Amanda Triossi remembers the day she got hooked on jewelry. When she was four, her mother brought home an Italian celebrity magazine with photos of the coronation of Iran’s Farah Diba, bedecked in a crown and necklace dripping with diamonds, emeralds and pearls. “For me,” she says, “that was fantastic. I’ve always had a passion since then.”
That passion eventually led the University of Cambridge grad to the jewelry department at Sotheby’s in the Eighties, where she authored three books on the subject—one on earrings, another on necklaces and a third, in 1996, on the history of Bulgari. Triossi left Sotheby’s the next year to develop Bulgari’s archive division from the ground up. “When I started doing research on the [Bulgari] book, there was no proper historical archive. I told them they really needed one, and it was a project I was keen to develop,” she recalls. “Gradually, we started buying back vintage pieces.”
Fast-forward to today, and to what is perhaps Triossi’s biggest undertaking yet: curating Bulgari’s premiere retrospective, which opens at Rome’s Palazzo delle Esposizioni on May 22. “Between History and Eternity: 1884–2009” is a landmark show—many of the pieces have never been displayed before—which celebrates a landmark year, Bulgari’s 125th anniversary. (The exhibit, which also includes seven new high jewelry works, will later travel to yet-to-be-determined cities.)

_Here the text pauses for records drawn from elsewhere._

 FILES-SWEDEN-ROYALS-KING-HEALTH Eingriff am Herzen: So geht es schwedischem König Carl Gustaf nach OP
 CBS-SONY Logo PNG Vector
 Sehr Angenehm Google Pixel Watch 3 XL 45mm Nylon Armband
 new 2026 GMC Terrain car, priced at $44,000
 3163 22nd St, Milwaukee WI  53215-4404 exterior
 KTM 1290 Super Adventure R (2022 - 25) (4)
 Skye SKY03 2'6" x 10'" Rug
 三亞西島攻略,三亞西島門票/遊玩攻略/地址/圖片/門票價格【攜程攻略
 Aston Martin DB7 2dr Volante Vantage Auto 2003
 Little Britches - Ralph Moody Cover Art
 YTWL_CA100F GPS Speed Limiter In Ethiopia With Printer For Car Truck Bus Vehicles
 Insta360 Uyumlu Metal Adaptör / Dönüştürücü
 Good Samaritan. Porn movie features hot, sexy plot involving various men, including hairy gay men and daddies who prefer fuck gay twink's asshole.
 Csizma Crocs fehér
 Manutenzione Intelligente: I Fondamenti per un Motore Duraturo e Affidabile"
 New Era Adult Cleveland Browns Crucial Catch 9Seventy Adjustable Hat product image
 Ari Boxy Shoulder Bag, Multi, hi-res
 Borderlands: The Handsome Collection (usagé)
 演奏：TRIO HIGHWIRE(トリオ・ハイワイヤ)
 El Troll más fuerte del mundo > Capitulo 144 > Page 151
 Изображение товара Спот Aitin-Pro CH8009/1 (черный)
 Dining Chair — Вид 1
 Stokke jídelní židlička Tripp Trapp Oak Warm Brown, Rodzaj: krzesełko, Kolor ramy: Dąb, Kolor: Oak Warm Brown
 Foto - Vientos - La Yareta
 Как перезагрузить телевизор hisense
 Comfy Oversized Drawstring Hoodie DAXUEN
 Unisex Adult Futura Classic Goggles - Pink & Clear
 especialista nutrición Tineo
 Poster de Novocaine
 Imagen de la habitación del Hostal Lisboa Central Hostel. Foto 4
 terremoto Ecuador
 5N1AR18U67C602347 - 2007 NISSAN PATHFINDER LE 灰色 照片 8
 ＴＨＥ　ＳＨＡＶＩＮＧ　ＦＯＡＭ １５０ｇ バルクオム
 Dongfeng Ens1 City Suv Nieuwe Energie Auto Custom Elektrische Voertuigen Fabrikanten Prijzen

Seated at a long table in a fifth-floor conference room in the company’s headquarters in Rome, on Lungotevere Marzio, a stone’s throw from the Tiber, Triossi offers a sneak peek at the exhibit’s treasures, plucked from the house’s basement vault. There’s a gorgeous 18-karat gold necklace from the Sixties with flowerlike clusters of emeralds, rubies, sapphires and diamonds. Keira Knightley borrowed the piece for the 2006 Oscars; before that, it was owned by Princess Soraya of Iran. Triossi picks up an 18-karat gold and white enamel belt in the shape of a serpent, with tear-shaped sapphire eyes. “This belonged to Diana Vreeland,” she says as she tries to wrap the hinged snake around herself. “She must have had a very thin waistline, because I can’t wear it.” Other showstoppers include a colossal 25-carat diamond ring once owned by Anna Magnani, as well as a gold timepiece purchased by Benito Mussolini’s son-in-law (“Not the one who was bumped off,” notes Triossi).